5. Employ advanced customer modeling
AI, using similar tech that enables it to deliver personalized recommendations, can analyze a vast number of user variables that can be highly specific to a given company — for example, a data scientist working with a real estate platform used information like whether or not a user examined a floor plan to help build a model of customer intent.

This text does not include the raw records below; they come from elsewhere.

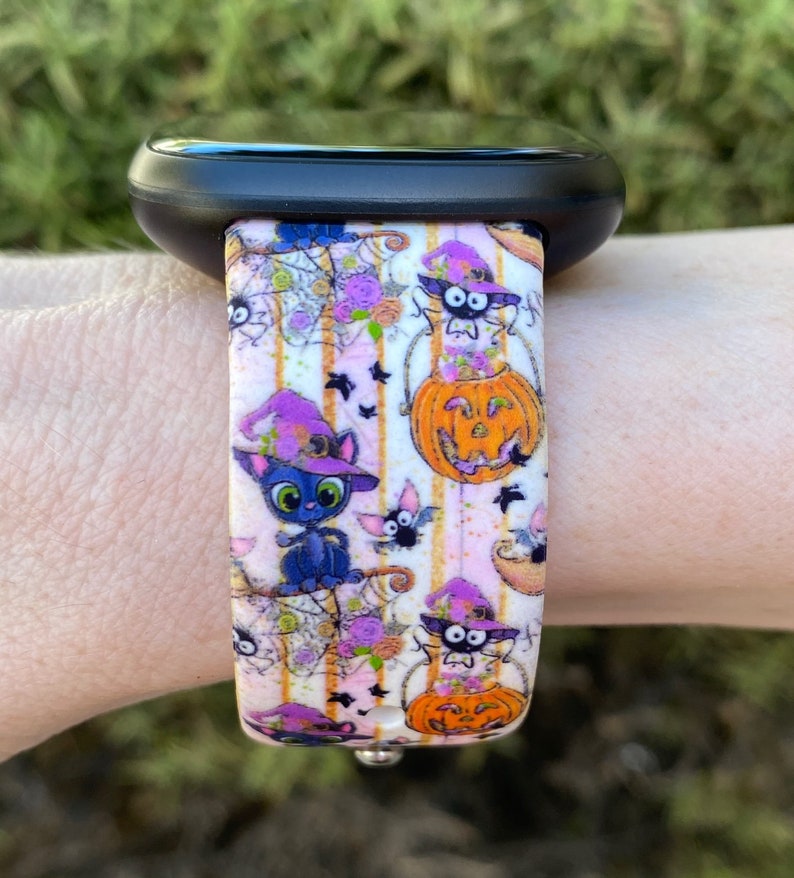 以下が含まれることがあります： ハロウィンをテーマにした白い腕時計のバンド。バンドには、魔女の帽子をかぶった黒い猫、カボチャ、コウモリがピンクと白のストライプの背景に描かれています。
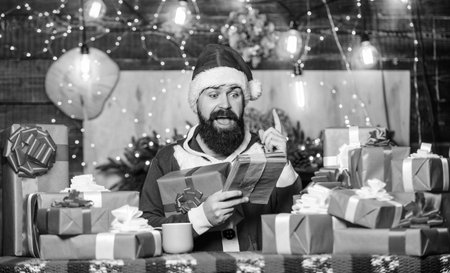 December purchases. Old tradition. Santa Claus routine. Preparing gifts. Buy christmas presents. Man Santa hat preparing for christmas holiday. Merry christmas concept. Winter carnival. Shopping listの写真素材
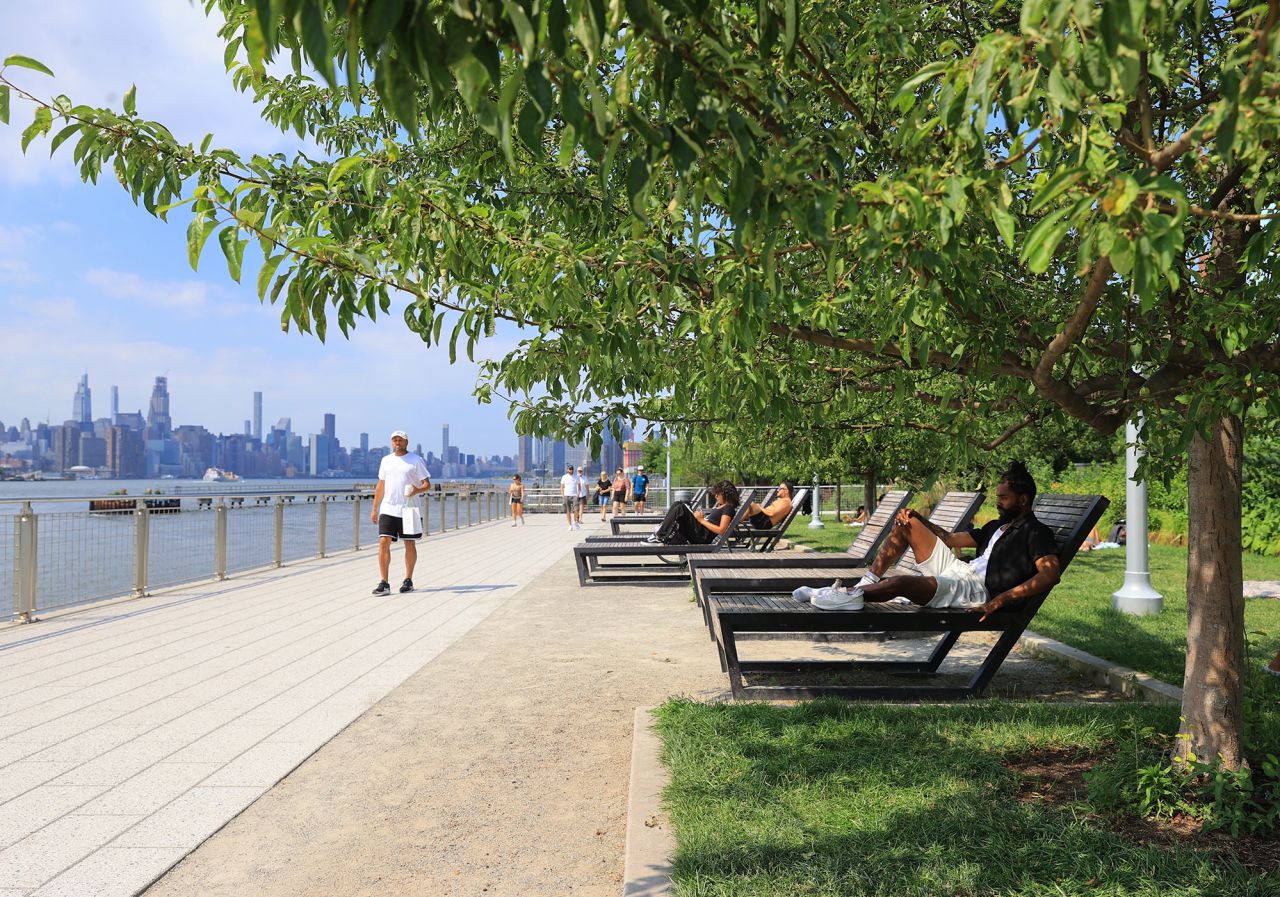 People pass their time on benches during hot weather in Brooklyn, New York, on June 17.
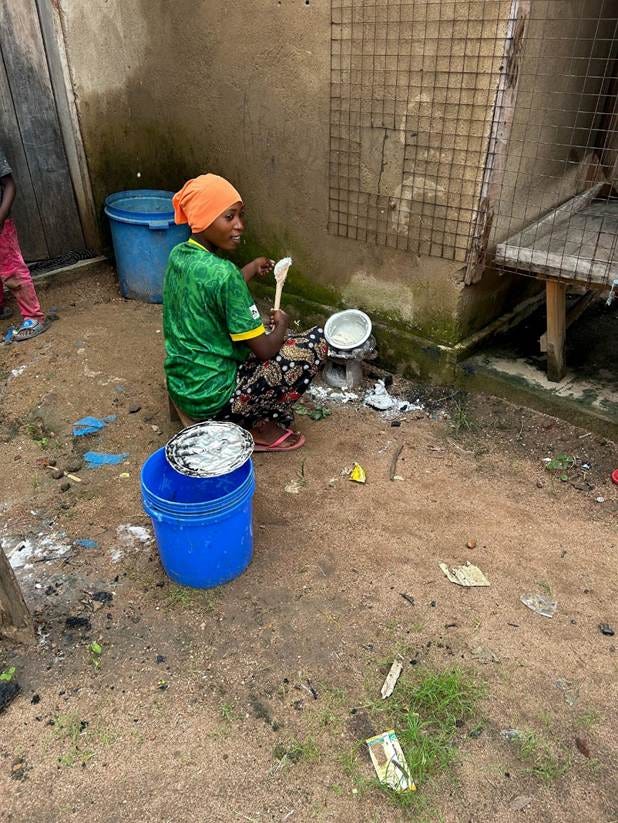 A person sitting outside with a bucket and a bucket

AI-generated content may be incorrect.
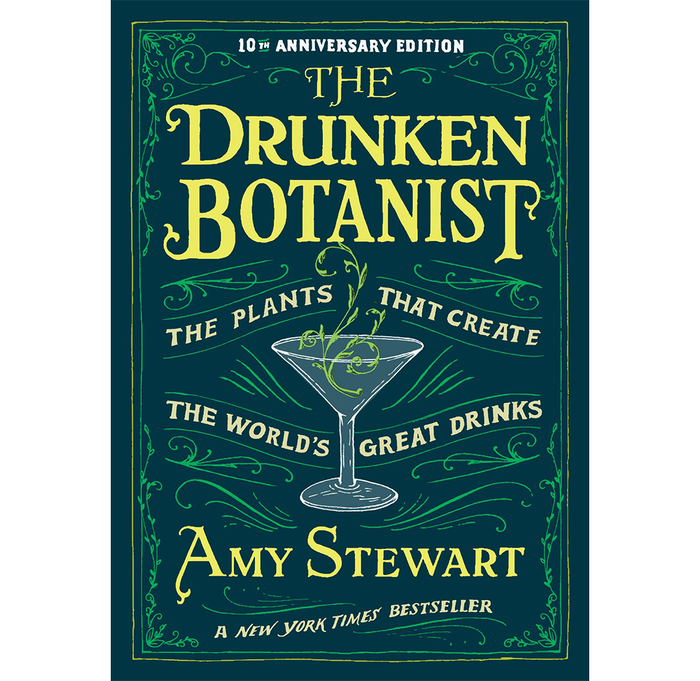 Front cover of the book 'The Drunken Botanist: The Plants That Create the World's Great Drinks' by Amy Stewart, 10th Anniversary Edition. The cover features a dark teal background with ornate green vine borders and large yellow title text, plus a white-and-green martini glass illustration in the center.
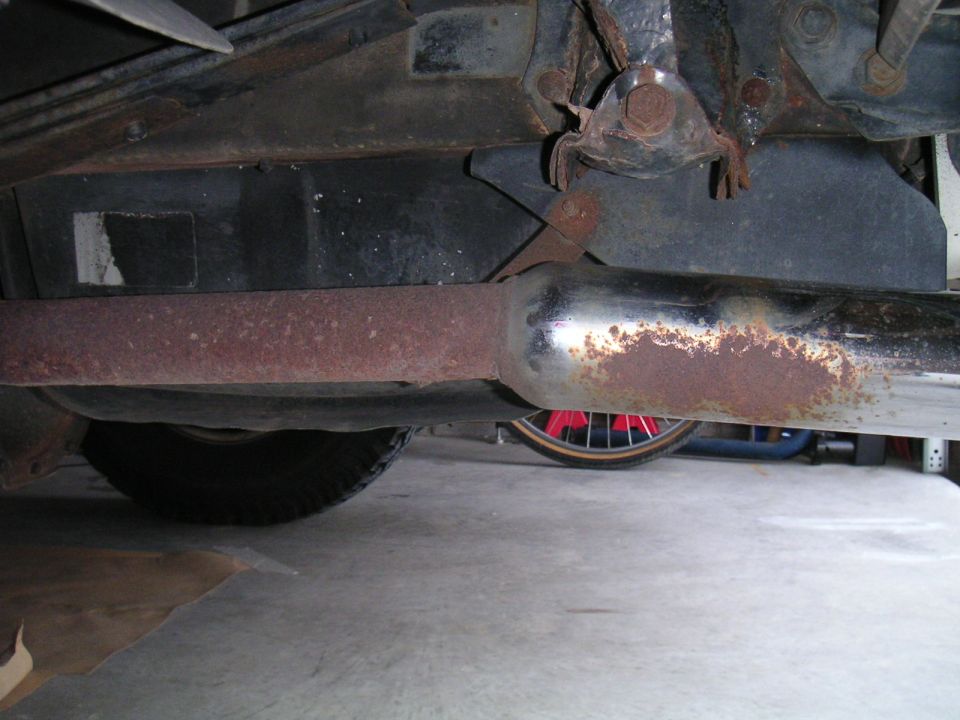 Rusty exhaust pipe and muffler seen from under a vehicle on a garage floor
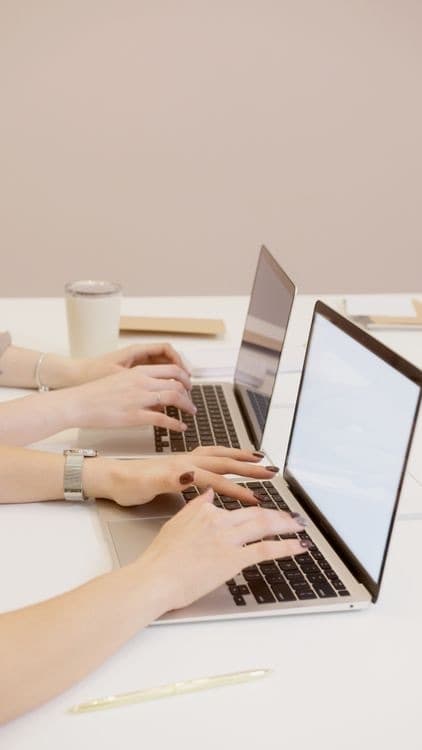 Two people working side by side on laptops at a white desk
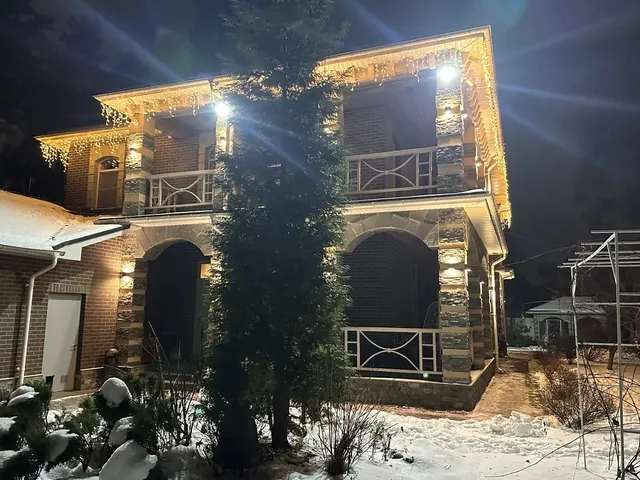 Бахрома тёплого свечения на двухэтажной вилле с балконами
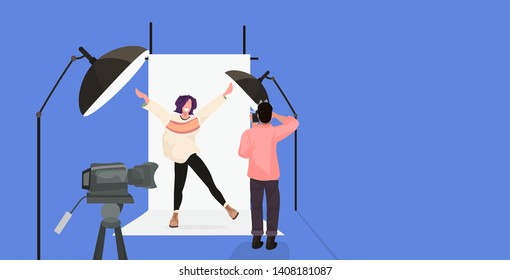 professional photographer using camera man shooting beautiful sexy woman model raising hands posing in modern photo studio horizontal full length flat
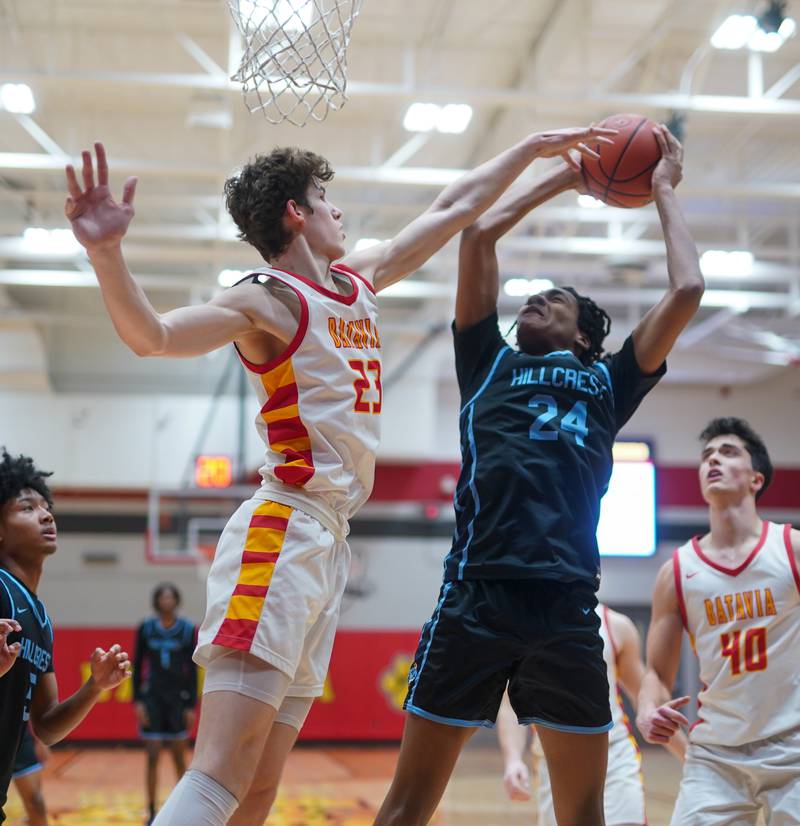 Batavia’s Jax Abalos (23) defends the paint against Hillcrest's Jaylen Ingram (24) during the 30th annual Jim & Silvia Roberts Night of Hoops at Batavia High School on Saturday, Jan 20, 2024.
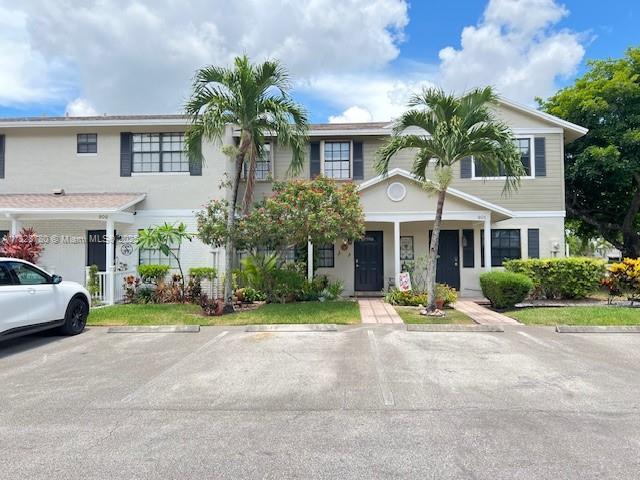 905 NW 107th Ave, Pembroke Pines, FL 33026 - multi unit property featuring uncovered parking and stucco siding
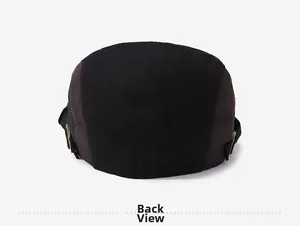 Back view of two-tone cotton beret cap with metal buckle and skull rivet details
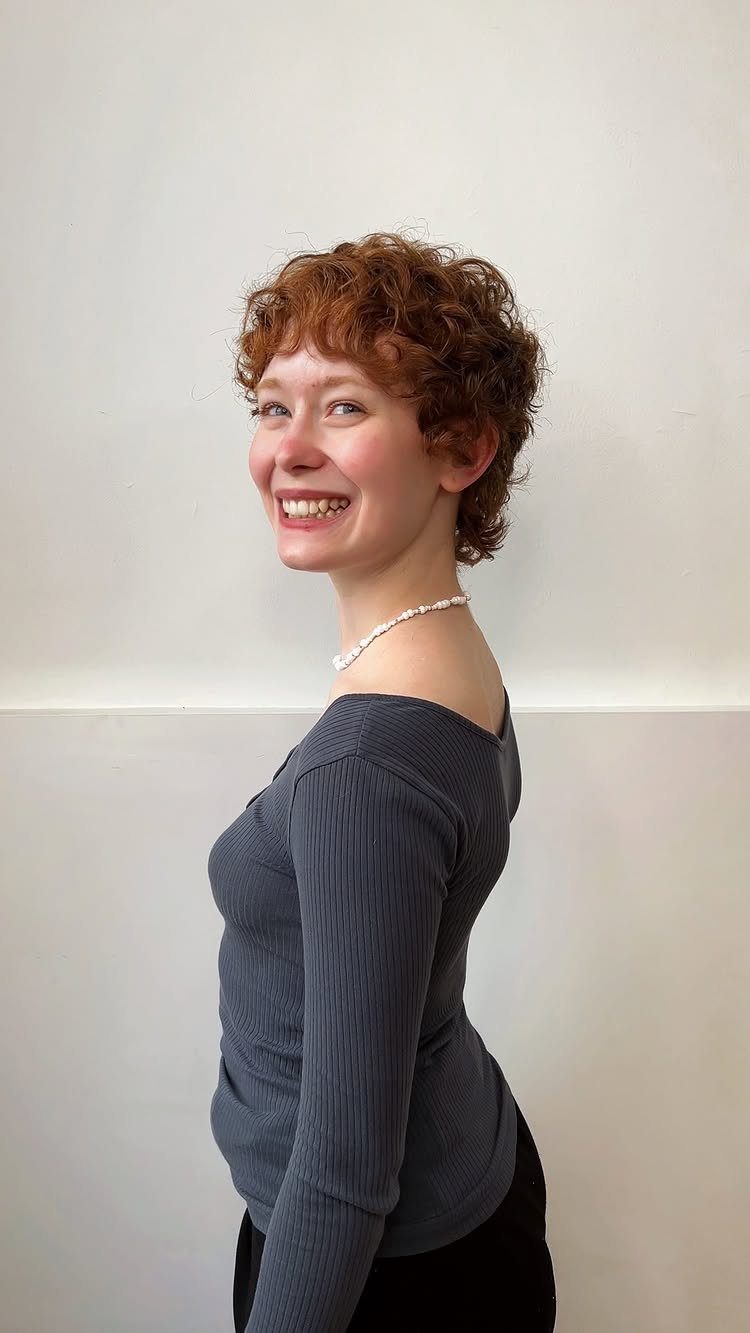 Woman showing a short, shaggy reddish-brown pixie with tousled curls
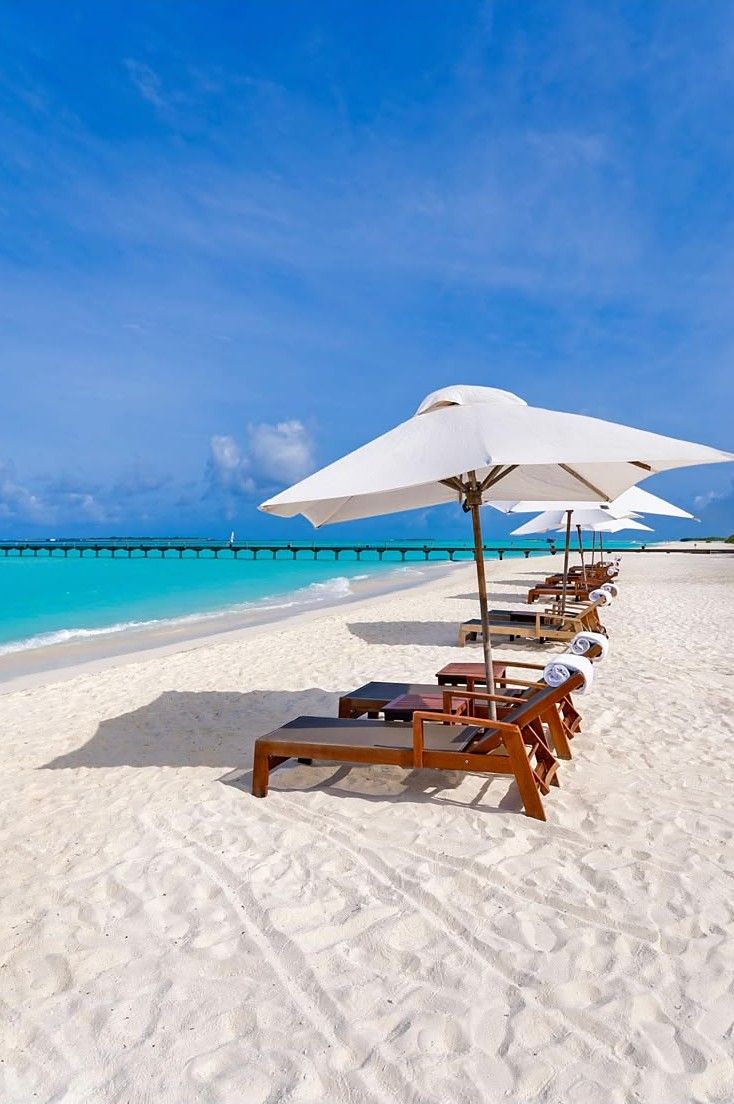 Timber sun loungers under white umbrellas on a white-sand beach beside a turquoise lagoon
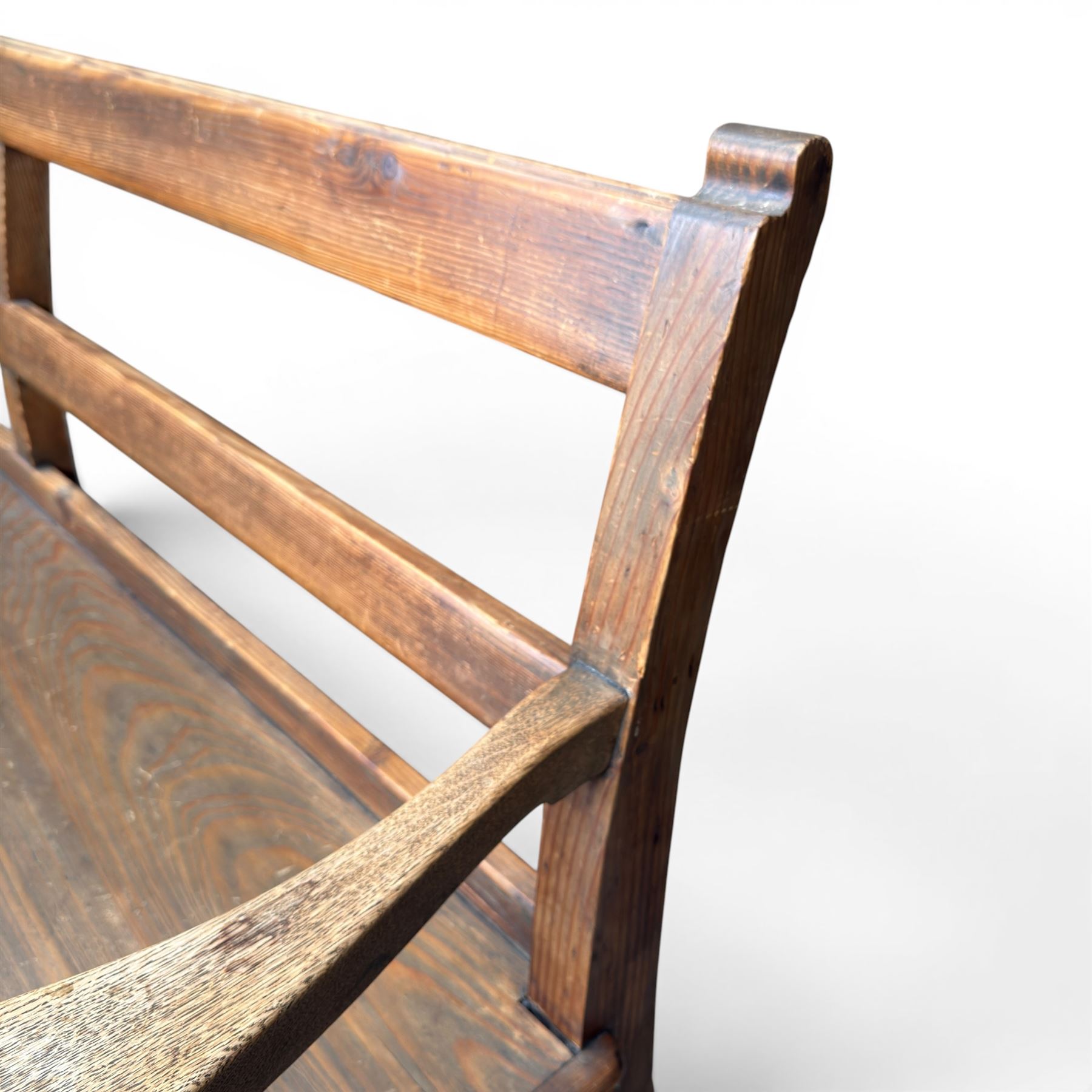 Early 20th century pine and oak bench seat, stained pine rail back frame with shaped oak arms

Also, when AI is fed the right information, it can be used to generate advanced marketing personas and customer profiles that can inform every step of the marketing process. You can use these profiles to build personalized content, direct spending and forecast which market segments will be the most responsive to advertising — helping you to optimize your ROI on media spending and determine which combinations of marketing techniques will provide the best results.
6. Analyze the conversation
With AI, it's possible to really know how your customers feel about your products in real time. AI tools can perform sentiment analysis to help you pinpoint how users feel about products — even when these opinions are spread out over hundreds or thousands of blogs, posts and tweets.
Research has shown that, with enough training, AI-powered sentiment analysis tools can reach high levels of accuracy — in one study, an AI sentiment analysis algorithm was able to accurately determine the sentiment behind a post more than 80 percent of the time.
Sentiment analysis can help you rapidly sort through the entirety of the social media conversation around your products. This conversation analysis can also help you get a better sense of how your social media posts are being responded to — as well as help you understand what kinds of posts your audience responds to the best to, and which posts aren't such a good strategy.
Optimizing marketing strategies with AI
AI is on track to revolutionize marketing. With the right tools, marketers can take advantage of AI to strengthen the basic approaches they rely on. These tools will also allow them to take full advantage of the breadth and depth of customer data that the internet allows them to collect.
With AI-boosted marketing tools, it's possible to build highly complex customer profiles that allow marketers to better predict the effectiveness of their marketing. These tools can also help marketers deliver better personalized content directly to customers — like more accurate product recommendations and highly relevant promotional materials.
Many major marketing platforms and tools are beginning to adopt AI, too, meaning that marketers won't necessarily need backup from IT staff if they want to add AI to their marketing strategies.